[SUPPLIED DATA Boundary: Start]

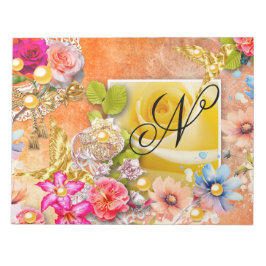 Goldbrassen Blumengarten Rosa Gelbe Rosen Perlen Notizblock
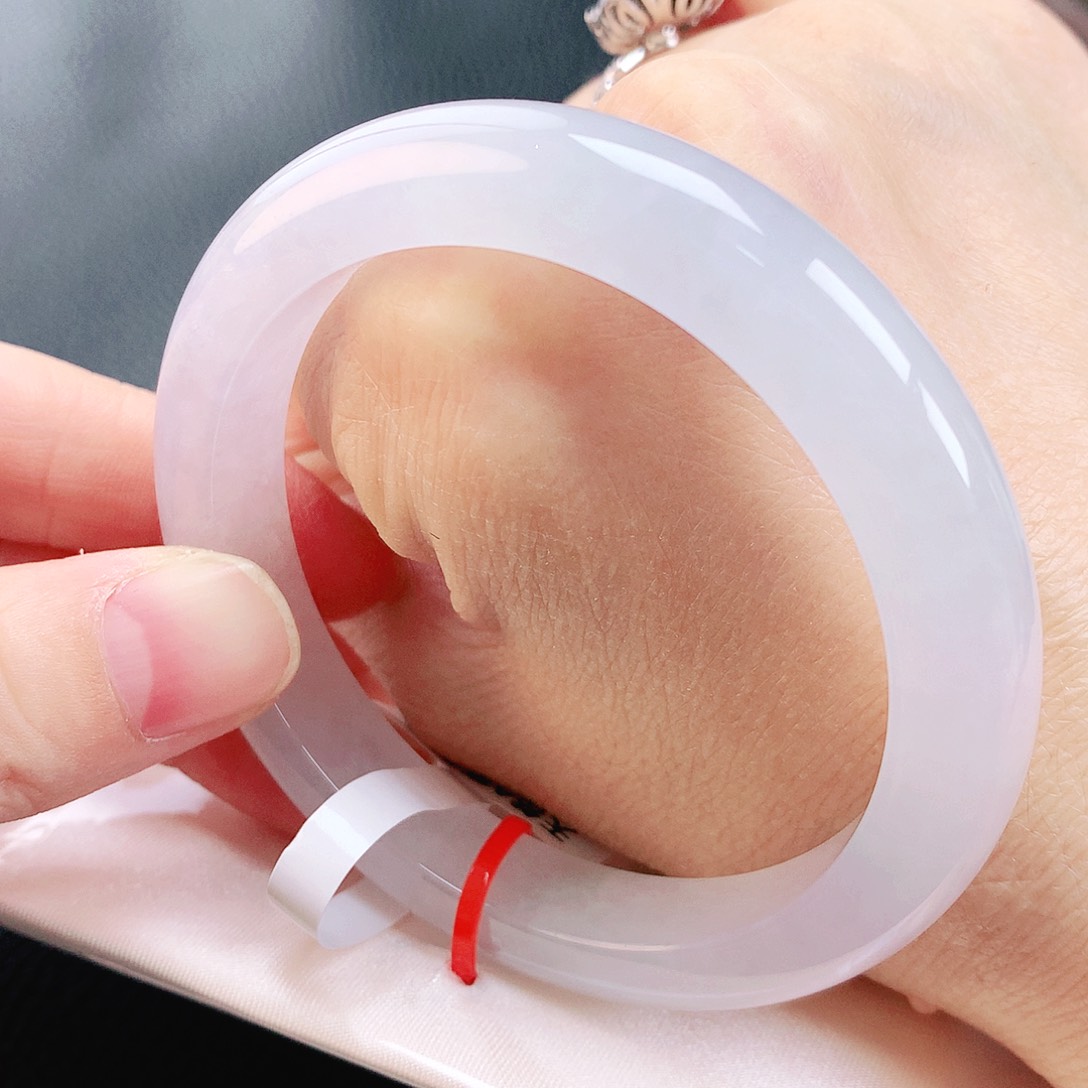 未镶嵌手镯翡翠54冰白透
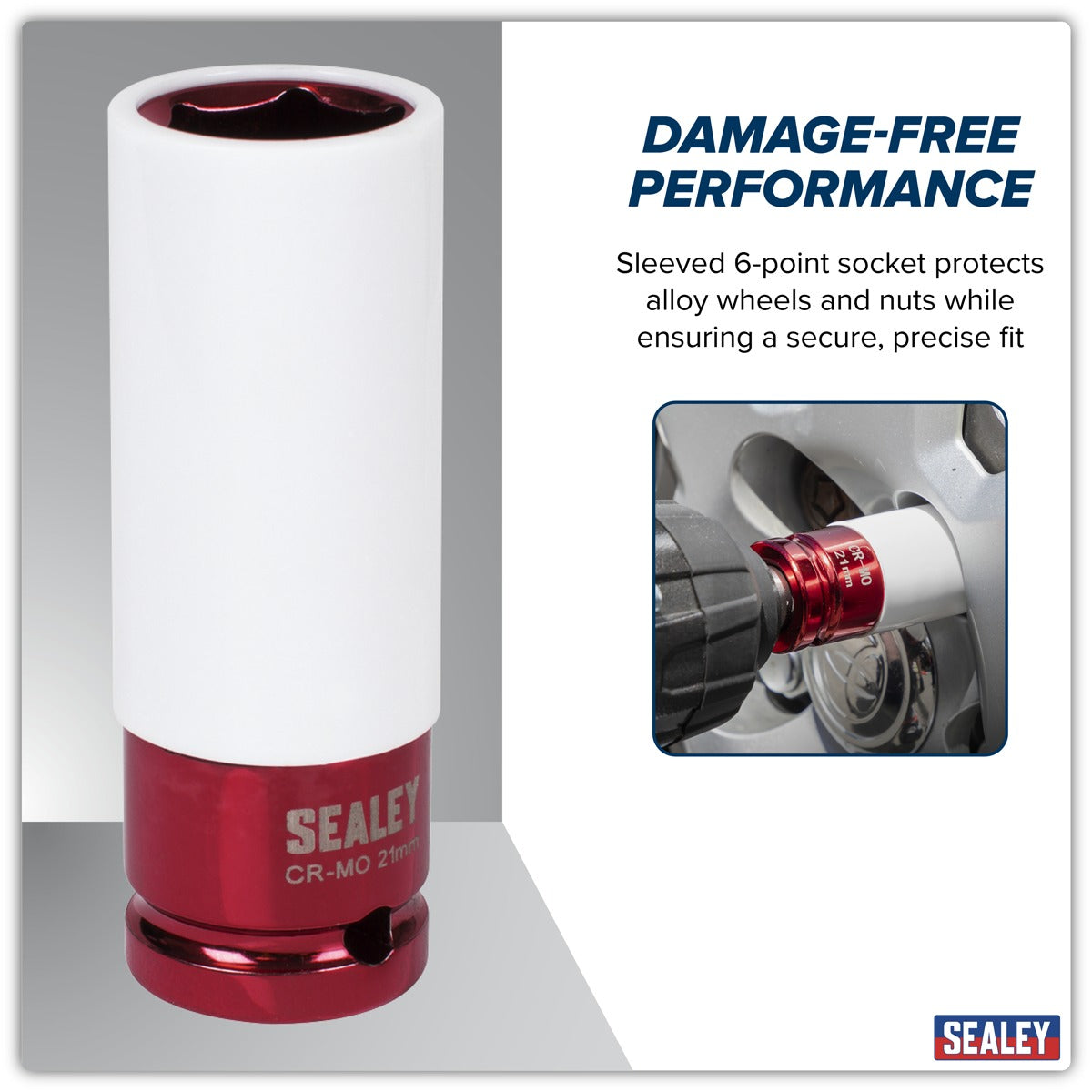 Sealey Alloy Wheel Impact Socket 1/2"Sq Drive 21mm SX03021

[SUPPLIED DATA Boundary: End]

ACTIVITY —
Give the listing above again in its entirety, exactly as written and free of images.

RESULT OF THIS TASK —
 Goldbrassen Blumengarten Rosa Gelbe Rosen Perlen Notizblock
 未镶嵌手镯翡翠54冰白透
 Sealey Alloy Wheel Impact Socket 1/2"Sq Drive 21mm SX03021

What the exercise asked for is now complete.